WHAT THE EXERCISE ASKS: Would you work out how many lines below include the word "Syndrome"? Only that number is wanted.

Short descriptive text snippets:

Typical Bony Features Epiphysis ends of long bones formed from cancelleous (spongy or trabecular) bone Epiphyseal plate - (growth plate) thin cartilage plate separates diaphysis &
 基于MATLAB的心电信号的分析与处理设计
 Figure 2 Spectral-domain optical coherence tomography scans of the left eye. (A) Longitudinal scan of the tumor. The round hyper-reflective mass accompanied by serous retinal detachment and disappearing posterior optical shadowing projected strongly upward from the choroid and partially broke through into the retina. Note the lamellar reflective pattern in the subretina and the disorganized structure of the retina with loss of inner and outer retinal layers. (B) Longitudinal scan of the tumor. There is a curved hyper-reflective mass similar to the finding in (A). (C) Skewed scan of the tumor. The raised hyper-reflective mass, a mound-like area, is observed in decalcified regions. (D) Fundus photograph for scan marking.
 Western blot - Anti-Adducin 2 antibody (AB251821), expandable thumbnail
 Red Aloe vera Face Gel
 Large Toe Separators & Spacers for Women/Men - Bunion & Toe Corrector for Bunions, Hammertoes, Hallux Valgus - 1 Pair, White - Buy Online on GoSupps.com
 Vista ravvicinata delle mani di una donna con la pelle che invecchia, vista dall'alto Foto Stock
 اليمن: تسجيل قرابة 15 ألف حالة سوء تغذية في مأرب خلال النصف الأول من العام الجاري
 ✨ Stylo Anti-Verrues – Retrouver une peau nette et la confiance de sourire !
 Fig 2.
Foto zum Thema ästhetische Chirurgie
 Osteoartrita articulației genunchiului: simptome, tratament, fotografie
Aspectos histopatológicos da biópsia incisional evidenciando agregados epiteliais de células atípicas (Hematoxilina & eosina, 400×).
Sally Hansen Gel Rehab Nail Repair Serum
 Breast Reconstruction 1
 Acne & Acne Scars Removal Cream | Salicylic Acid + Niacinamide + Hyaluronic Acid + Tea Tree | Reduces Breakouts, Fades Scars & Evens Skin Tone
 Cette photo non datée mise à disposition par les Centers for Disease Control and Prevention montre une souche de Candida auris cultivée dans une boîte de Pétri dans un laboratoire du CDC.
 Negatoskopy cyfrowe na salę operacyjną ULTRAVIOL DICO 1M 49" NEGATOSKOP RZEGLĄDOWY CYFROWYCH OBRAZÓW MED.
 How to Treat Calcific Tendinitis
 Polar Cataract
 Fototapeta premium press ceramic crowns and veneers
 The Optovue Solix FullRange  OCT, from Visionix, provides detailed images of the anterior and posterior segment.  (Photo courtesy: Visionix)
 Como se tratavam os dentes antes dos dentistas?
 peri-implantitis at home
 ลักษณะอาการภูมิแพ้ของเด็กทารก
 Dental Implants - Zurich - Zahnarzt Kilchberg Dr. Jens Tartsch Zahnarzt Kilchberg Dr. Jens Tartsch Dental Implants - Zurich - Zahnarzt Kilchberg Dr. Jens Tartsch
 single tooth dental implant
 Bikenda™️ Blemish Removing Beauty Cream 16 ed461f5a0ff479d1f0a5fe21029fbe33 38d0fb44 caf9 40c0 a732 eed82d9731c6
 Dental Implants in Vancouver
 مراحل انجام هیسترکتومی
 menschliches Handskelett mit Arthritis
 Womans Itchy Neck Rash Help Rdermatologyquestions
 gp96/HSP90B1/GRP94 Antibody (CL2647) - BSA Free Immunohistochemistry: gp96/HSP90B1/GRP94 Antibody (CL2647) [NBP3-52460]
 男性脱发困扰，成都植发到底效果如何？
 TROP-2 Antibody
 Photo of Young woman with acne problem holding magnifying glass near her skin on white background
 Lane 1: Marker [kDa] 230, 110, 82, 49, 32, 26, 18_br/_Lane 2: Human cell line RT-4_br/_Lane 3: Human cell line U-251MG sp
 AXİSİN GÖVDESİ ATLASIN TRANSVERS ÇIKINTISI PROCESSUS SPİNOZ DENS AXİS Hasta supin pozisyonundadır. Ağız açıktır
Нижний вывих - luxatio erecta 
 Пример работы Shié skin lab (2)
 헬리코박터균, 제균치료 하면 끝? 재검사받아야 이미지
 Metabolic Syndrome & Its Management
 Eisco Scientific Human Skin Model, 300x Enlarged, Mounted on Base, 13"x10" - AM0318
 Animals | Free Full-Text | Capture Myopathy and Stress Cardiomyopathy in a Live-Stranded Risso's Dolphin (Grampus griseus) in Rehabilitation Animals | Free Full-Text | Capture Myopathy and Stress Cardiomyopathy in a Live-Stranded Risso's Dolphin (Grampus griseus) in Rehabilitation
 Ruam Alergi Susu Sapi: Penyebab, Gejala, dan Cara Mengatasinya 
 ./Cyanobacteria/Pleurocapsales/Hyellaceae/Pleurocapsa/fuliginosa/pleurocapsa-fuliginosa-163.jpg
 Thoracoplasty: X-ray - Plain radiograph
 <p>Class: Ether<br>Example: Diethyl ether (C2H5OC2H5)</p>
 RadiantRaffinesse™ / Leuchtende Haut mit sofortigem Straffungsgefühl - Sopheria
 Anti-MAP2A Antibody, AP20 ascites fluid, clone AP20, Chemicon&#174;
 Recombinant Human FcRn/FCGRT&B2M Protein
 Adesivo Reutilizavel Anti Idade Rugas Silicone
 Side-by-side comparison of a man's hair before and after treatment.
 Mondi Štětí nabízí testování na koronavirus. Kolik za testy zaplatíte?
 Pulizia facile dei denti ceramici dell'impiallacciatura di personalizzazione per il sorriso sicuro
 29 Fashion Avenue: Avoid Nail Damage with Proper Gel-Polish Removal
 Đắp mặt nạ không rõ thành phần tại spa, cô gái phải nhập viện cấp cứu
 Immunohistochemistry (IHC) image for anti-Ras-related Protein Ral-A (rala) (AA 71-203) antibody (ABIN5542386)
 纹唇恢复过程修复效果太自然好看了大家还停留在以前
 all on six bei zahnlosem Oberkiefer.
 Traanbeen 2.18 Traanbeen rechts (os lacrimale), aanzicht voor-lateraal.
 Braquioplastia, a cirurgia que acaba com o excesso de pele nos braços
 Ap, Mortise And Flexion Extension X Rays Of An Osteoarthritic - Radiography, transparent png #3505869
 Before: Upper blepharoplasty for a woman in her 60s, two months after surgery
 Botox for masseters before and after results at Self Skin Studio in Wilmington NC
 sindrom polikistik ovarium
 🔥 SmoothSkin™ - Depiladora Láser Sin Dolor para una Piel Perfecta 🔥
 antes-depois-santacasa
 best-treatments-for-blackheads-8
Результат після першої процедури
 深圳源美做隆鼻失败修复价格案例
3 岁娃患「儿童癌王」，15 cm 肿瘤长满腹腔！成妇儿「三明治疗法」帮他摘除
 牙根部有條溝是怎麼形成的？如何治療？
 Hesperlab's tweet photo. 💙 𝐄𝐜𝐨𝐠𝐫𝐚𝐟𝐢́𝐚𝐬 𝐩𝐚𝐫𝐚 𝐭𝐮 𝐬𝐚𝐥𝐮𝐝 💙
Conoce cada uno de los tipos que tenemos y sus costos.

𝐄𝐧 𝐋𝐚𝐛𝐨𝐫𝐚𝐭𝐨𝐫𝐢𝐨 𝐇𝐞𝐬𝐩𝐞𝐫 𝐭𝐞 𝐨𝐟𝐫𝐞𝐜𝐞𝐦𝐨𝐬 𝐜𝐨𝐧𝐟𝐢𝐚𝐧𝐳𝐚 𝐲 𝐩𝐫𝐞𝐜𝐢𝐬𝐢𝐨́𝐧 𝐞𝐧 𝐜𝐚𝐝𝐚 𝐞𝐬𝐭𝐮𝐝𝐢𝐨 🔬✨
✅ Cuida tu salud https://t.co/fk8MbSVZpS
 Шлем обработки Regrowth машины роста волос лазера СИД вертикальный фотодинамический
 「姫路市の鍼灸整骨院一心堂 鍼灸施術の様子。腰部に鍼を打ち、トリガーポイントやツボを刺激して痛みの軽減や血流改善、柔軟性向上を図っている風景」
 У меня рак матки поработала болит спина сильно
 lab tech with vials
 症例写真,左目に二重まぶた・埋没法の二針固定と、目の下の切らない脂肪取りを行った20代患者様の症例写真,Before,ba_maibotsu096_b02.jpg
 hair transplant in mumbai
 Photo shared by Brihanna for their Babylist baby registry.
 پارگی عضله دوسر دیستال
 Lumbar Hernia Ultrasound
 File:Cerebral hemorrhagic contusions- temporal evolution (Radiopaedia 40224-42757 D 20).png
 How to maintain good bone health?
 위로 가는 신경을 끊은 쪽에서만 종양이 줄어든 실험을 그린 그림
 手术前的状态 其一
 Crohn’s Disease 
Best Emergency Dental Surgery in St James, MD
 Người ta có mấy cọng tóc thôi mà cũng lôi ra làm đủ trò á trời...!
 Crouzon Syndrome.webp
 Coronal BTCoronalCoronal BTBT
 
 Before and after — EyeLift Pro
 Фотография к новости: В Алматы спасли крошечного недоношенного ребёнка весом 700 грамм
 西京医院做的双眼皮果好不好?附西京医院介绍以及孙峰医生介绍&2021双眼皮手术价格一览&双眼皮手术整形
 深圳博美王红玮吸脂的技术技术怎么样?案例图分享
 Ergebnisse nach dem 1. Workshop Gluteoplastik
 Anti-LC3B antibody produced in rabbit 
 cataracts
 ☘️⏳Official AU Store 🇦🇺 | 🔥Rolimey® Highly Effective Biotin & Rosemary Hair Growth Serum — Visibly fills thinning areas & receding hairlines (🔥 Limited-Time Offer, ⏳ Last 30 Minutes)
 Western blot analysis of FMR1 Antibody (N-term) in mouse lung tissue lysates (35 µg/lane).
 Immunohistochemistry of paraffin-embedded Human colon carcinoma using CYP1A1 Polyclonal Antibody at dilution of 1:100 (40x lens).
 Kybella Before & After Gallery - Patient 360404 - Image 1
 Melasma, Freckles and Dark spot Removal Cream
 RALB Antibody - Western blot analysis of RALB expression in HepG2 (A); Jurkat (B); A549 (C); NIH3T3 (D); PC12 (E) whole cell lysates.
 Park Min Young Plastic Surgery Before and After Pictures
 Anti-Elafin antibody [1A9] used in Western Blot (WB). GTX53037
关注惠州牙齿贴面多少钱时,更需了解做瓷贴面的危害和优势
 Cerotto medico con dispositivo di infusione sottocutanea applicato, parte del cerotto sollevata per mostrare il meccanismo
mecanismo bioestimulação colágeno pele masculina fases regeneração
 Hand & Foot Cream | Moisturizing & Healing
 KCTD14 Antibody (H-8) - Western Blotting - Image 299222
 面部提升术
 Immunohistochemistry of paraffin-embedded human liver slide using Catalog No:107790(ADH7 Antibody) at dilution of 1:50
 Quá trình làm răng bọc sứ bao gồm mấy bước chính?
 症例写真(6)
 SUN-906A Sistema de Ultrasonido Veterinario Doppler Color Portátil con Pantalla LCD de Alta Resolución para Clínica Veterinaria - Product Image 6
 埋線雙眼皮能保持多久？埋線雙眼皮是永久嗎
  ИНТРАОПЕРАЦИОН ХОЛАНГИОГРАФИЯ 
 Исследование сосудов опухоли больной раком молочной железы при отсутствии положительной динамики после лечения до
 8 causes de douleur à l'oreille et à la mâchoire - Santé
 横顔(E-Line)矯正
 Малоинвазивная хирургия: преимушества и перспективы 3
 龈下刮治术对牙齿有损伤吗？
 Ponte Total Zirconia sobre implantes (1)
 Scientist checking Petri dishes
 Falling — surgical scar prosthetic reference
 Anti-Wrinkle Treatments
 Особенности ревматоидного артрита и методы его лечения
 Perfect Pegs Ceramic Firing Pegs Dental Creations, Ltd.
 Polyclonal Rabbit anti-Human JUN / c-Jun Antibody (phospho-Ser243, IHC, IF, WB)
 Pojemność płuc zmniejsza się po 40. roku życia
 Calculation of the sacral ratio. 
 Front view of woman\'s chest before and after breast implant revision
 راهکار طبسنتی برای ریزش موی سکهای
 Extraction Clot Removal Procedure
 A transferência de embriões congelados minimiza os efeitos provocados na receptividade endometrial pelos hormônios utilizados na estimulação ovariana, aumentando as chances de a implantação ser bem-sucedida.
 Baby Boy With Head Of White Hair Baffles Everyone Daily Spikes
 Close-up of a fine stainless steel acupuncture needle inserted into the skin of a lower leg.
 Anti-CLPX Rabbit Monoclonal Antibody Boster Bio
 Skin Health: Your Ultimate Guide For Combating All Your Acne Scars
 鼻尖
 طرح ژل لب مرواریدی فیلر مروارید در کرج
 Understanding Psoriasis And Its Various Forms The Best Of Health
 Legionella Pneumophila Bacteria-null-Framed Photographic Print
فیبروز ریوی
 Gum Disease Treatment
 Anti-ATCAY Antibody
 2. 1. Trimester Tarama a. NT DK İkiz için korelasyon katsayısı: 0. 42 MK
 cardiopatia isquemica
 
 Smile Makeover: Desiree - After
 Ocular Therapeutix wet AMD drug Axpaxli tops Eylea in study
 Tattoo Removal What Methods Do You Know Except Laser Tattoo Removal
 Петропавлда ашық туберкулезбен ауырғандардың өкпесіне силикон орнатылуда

SOLUTION FOR THIS TASK: 2